- _Study material_:
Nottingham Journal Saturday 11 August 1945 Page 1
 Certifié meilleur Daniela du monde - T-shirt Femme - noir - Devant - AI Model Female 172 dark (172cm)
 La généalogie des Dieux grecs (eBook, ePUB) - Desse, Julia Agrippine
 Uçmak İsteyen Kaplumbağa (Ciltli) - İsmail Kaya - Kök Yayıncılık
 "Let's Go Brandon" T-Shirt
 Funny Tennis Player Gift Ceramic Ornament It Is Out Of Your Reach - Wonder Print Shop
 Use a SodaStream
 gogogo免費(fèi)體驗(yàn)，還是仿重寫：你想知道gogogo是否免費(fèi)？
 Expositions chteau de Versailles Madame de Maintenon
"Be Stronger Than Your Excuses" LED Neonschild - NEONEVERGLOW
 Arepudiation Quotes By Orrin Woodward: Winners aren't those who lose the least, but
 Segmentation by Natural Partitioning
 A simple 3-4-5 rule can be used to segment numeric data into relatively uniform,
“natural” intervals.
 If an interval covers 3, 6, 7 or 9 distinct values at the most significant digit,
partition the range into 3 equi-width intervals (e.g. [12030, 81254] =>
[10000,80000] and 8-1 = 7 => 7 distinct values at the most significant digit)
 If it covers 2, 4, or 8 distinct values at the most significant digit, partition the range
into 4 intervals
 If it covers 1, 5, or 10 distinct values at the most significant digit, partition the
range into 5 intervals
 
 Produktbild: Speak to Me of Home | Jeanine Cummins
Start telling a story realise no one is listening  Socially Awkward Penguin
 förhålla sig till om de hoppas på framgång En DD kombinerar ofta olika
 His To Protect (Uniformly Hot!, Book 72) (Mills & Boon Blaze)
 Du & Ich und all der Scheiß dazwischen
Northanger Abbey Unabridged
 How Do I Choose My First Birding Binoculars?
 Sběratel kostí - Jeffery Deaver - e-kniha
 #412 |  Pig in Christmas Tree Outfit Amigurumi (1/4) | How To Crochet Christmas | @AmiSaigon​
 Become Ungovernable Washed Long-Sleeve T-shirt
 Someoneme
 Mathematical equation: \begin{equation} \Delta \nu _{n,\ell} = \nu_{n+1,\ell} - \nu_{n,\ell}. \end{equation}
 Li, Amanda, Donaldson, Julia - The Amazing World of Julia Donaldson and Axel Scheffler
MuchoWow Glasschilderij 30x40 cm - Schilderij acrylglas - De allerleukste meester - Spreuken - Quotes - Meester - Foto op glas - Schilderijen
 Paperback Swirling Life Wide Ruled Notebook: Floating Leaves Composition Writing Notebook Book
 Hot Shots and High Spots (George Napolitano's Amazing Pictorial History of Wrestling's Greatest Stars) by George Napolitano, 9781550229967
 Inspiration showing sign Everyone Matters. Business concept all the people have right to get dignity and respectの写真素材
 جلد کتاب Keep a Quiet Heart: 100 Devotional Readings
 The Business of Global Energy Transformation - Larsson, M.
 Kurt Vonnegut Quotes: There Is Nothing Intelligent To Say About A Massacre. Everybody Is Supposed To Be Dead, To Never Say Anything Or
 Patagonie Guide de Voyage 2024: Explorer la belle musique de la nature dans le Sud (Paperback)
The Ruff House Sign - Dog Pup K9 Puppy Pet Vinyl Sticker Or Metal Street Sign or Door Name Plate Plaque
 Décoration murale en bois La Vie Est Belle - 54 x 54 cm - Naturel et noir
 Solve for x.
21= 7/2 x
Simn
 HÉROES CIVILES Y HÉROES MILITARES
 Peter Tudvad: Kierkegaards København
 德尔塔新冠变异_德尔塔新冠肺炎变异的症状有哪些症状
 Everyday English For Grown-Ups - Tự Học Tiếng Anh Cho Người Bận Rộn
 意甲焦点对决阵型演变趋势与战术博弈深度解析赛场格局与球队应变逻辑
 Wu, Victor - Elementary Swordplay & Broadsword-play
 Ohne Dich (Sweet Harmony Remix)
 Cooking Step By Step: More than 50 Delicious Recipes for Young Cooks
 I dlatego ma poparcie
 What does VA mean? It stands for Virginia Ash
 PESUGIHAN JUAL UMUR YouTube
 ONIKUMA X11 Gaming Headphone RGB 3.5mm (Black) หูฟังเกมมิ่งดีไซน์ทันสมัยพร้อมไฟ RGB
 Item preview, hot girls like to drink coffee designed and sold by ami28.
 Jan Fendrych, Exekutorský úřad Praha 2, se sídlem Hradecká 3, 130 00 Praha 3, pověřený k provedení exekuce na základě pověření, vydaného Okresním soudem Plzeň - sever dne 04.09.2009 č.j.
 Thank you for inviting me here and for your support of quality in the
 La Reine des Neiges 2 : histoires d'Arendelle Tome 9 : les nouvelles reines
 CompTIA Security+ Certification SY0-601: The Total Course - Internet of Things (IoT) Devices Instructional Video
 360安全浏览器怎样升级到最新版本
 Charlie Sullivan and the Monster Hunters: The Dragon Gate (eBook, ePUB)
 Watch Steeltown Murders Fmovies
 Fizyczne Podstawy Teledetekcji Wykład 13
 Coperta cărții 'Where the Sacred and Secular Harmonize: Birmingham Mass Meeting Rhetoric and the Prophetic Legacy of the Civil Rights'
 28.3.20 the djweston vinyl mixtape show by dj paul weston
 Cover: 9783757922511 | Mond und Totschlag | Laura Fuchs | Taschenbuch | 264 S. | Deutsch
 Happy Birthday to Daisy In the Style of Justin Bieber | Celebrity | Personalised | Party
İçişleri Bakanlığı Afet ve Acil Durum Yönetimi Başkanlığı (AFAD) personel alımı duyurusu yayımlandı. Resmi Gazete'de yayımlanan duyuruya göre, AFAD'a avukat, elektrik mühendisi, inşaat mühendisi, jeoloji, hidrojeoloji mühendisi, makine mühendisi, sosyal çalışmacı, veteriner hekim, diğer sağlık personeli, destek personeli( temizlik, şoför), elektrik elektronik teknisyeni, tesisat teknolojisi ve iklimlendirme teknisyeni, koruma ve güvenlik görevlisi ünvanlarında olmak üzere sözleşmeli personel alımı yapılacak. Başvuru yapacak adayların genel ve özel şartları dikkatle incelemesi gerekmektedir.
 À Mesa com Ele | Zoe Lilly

- _What you should do_: Extract from the listing above the lines between the line containing "Start telling a" and the line containing "The Business of", keeping both of those lines. Output nothing else.

- _Response box_:
Start telling a story realise no one is listening  Socially Awkward Penguin
 förhålla sig till om de hoppas på framgång En DD kombinerar ofta olika
 His To Protect (Uniformly Hot!, Book 72) (Mills & Boon Blaze)
 Du & Ich und all der Scheiß dazwischen
Northanger Abbey Unabridged
 How Do I Choose My First Birding Binoculars?
 Sběratel kostí - Jeffery Deaver - e-kniha
 #412 |  Pig in Christmas Tree Outfit Amigurumi (1/4) | How To Crochet Christmas | @AmiSaigon​
 Become Ungovernable Washed Long-Sleeve T-shirt
 Someoneme
 Mathematical equation: \begin{equation} \Delta \nu _{n,\ell} = \nu_{n+1,\ell} - \nu_{n,\ell}. \end{equation}
 Li, Amanda, Donaldson, Julia - The Amazing World of Julia Donaldson and Axel Scheffler
MuchoWow Glasschilderij 30x40 cm - Schilderij acrylglas - De allerleukste meester - Spreuken - Quotes - Meester - Foto op glas - Schilderijen
 Paperback Swirling Life Wide Ruled Notebook: Floating Leaves Composition Writing Notebook Book
 Hot Shots and High Spots (George Napolitano's Amazing Pictorial History of Wrestling's Greatest Stars) by George Napolitano, 9781550229967
 Inspiration showing sign Everyone Matters. Business concept all the people have right to get dignity and respectの写真素材
 جلد کتاب Keep a Quiet Heart: 100 Devotional Readings
 The Business of Global Energy Transformation - Larsson, M.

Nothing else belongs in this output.